Q5 Why is hand grafting still the main way the process is handled in the U.S?

Kleinhenz: Hand grafting is still the norm in the U.S. and in many other areas. There is no one answer as to “why” but the most often cited one is that hand grafting works and is appropriate for many circumstances. That said, automated grafting is on the rise and is a significant part of the future.

Grafting should not necessarily be thought of as done only by hand or machine. More than likely, when the largest possible number of grafted plants is needed, the process will involve man and machine. But, to be clear, companies in Europe and Asia routinely produce millions of grafted plants by hand each year. That capacity is developing in the U.S. Improvements in all aspects of the grafting process will be market driven.

Q6 Grafting automation, in terms of robotics and developments in Japan and other countries, continues to develop. What are the barriers and opportunities to greater automation in the U.S.?

Kleinhenz: Automated grafting is less prominent in the U.S. than elsewhere. Barriers appear to be primarily business-related. The prevalence of grafted plants produced using automated approaches will increase as the market for grafted plants increases and the efficiency and reliability with which they can be produced using automated approaches increases.

Q7 What are the grafting team’s future plans to help increase the market for grafted plants?

Kleinhenz: What we can do as a team is provide information on both ends of the spectrum. On the production side of grafted plants, we can continue to optimize and demonstrate ways in which grafted plants can be made
and distributed, both involving people and equipment.
On the consumption side, we can provide information that illustrates why growers would want to use grafted plants. We can tell them exactly what a grafted plant can do for them that a standard, ungrafted plant usually cannot.

The overall goal is to increase the information base so growers can make informed choices. The assumptions are that more and more people will be convinced that grafted plants have a role in their operation and that the market will climb as it has in other parts of the world.

Enhancing Techniques

According to Matt Kleinhenz, an associate professor and Extension vegetable specialist at The Ohio State University, the obvious goal of the grafting team is to enhance the success of U.S. fruiting vegetable industries by integrating grafting technologies into them.

“This is a coordinated team effort covering the waterfront of grafting issues,” he says. “Stakeholders and team members set the agenda.

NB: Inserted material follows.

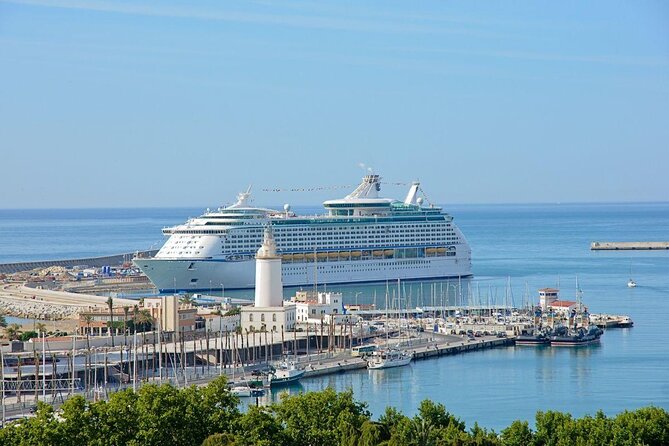 Private 9-Hour Shore Excursion From Motril Cruise Port to Malaga - Key Points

All are interested in grafting because its greater use stands to help farmers and other businesses.“

It will require objective evaluation, testing, and thorough communication for the entire process to work, he continues, encouraging anyone interested in vegetable grafting to contact a project team member at The Ohio State University, North Carolina State University, Virginia Tech University, Clemson University, University of Florida, University of Arizona, and USDA.

“Still, it is clear that most vegetable growers in the U.S. are near someone familiar with vegetable grafting,” he says. “In fact, vegetable grafting has been explored and discussed in at least 25 states.”

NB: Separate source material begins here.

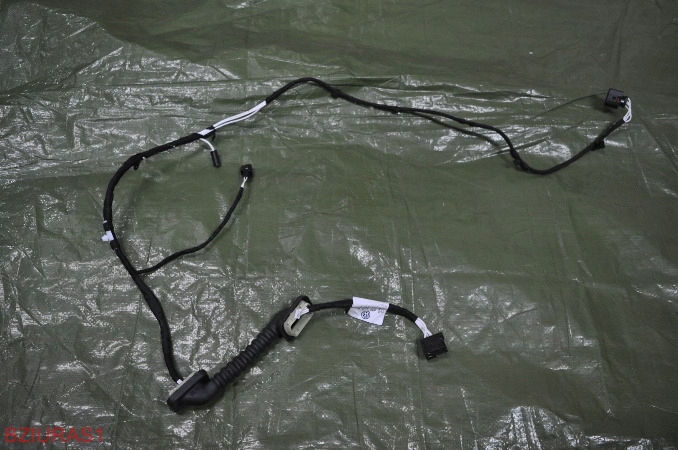 фото №1, Жгут электропроводка крышки vw scirocco 1k8971147f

Greenhouse Growers Capitalize On Grafting

Some greenhouse producers have already figured out that even in optimal growing conditions, such as the greenhouse, grafted plants can give them “one up” on the competition, with their grafted plants out-yielding the ungrafted ones.

“These growers discovered that they can make better use of their square footage with grafted plants, partly because rootstocks of grafted plants are so vigorous and efficient,” explains Matt Kleinhenz, an associate professor and Extension vegetable specialist at The Ohio State University.

“As a result, grafting caught on rapidly in the greenhouse sector,” he says. “The same appears to be happening in the high tunnel sector where growers are also interested in potentially overnight increases in yield.”

To date, though, Kleinhenz says adoption has been slower in open field production, but the situation can change quickly.

“Experienced growers recall many examples of practices that were initially regarded as ‘fringe’ but are now mainstream,” he explains. “The use of grafted vegetable plants in high tunnels and fields may be the next one.”